Recorded just fifteen days before the Stock Market Crash of 1929, "K.C. Moan" is described by Smith as a "quartet arrangement of a well known work song." At the time of this recording, the Memphis Jug Band consisted of Will Shade on harmonica and vocal, Tee Wee Blackman on lead vocal and guitar, Charlie Burse on guitar, Ben Ramey on vocal and kazoo, and Jab Jones on jug. Of the members of the group heard on this recording, only Shade and Ramey are also on "Bob Lee Junior Blues."
I thought I heard that K.C. when she blowed. Oh, I thought I heard that K.C. when she blowed. Oh, I thought I heard that K.C. when she blowed. She blowed like my woman’s on board.
When I get back on that K.C. road, Oh, when I get back on that K.C. road, Oh, when I get back on that K.C. road, Gonna love my baby like I never loved before.

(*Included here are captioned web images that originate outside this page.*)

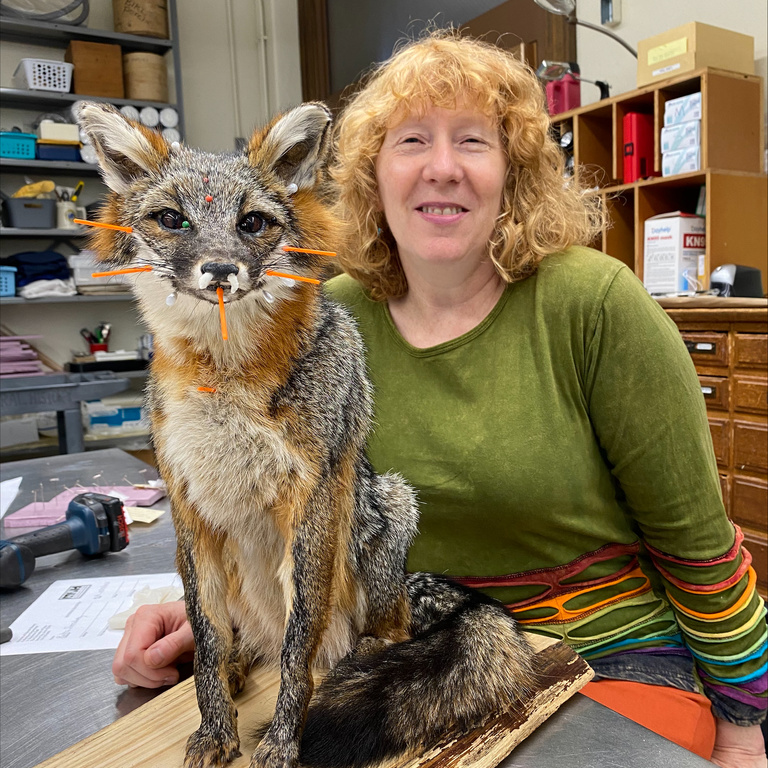 Cindy Opitz, UIMNH Director of Research Collections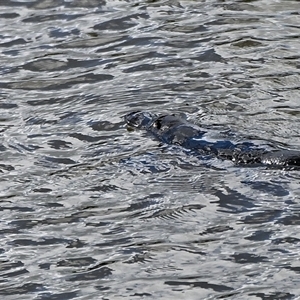 Ornithorhynchus anatinus (Platypus) at Burradoo, NSW - 20 Sep 2025 by Freebird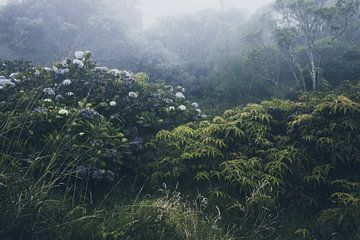 plantes dans le brouillard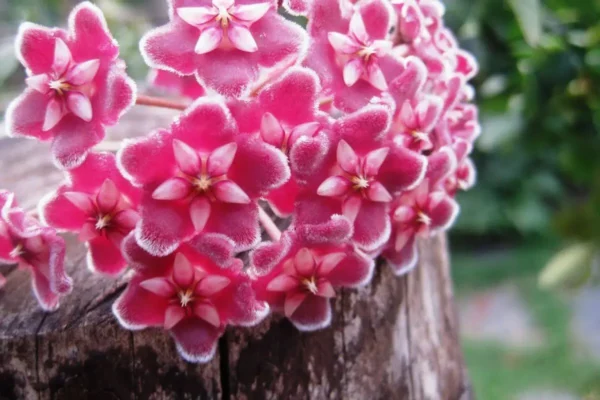 Flores rosadas da Hoya pubicalyx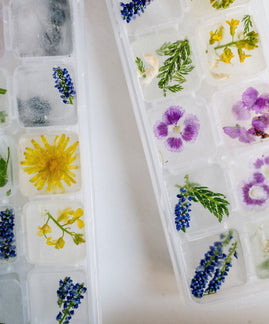 Edible Flower Ice Cubes 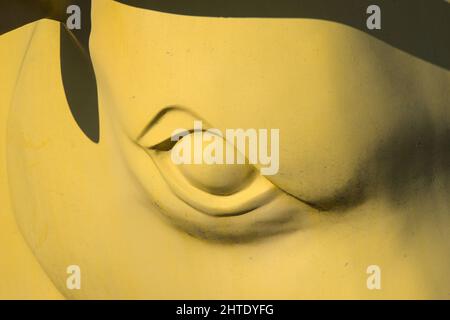 Saulheim, Germania, 27 febbraio 2022. Occhio di tori scolpito dipinto di giallo Foto Stock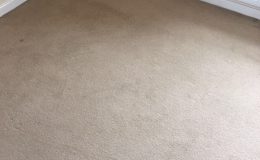 carpets (2)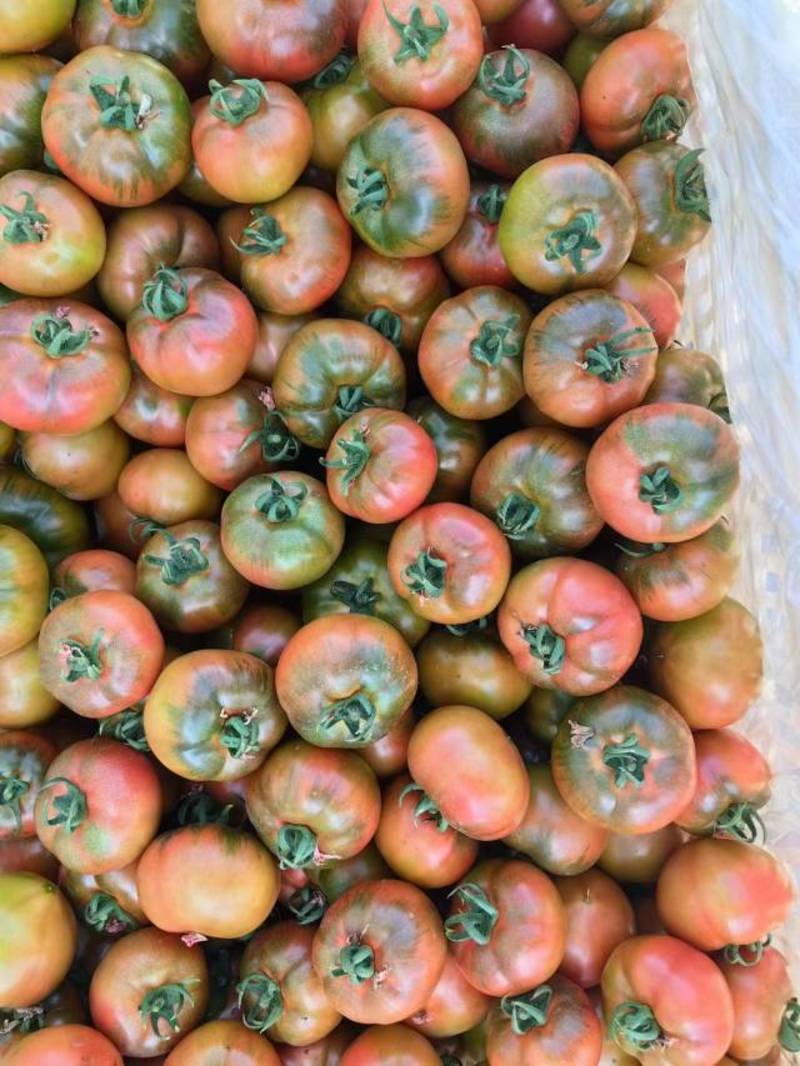包邮！草莓番茄——秋之恋。耐裂脆甜，抗病毒能力比较好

"K.C. Moan" is an extremely laid back performance of a very simple song. Only two if the three verses contain lyrics. The two verses with lyrics feature only two lines each (with the first line repeated three times). This song is an object lesson in how a song need not be complex in order to be effective. If Smith's conjecture about the song's origin as a work song is correct, the speaker in the song is likely a prisoner listening with longing to the sound of a train going by, wishing that his woman was on her way to meet him. In the second verse, he sings about going home and how he is going to "love [his] baby like [he] never loved before" once he gets there. As Smith notes, "the train is a constantly recurring symbol" in such songs. Johnny Cash would make use of a similar image in his "Folsom Prison Blues."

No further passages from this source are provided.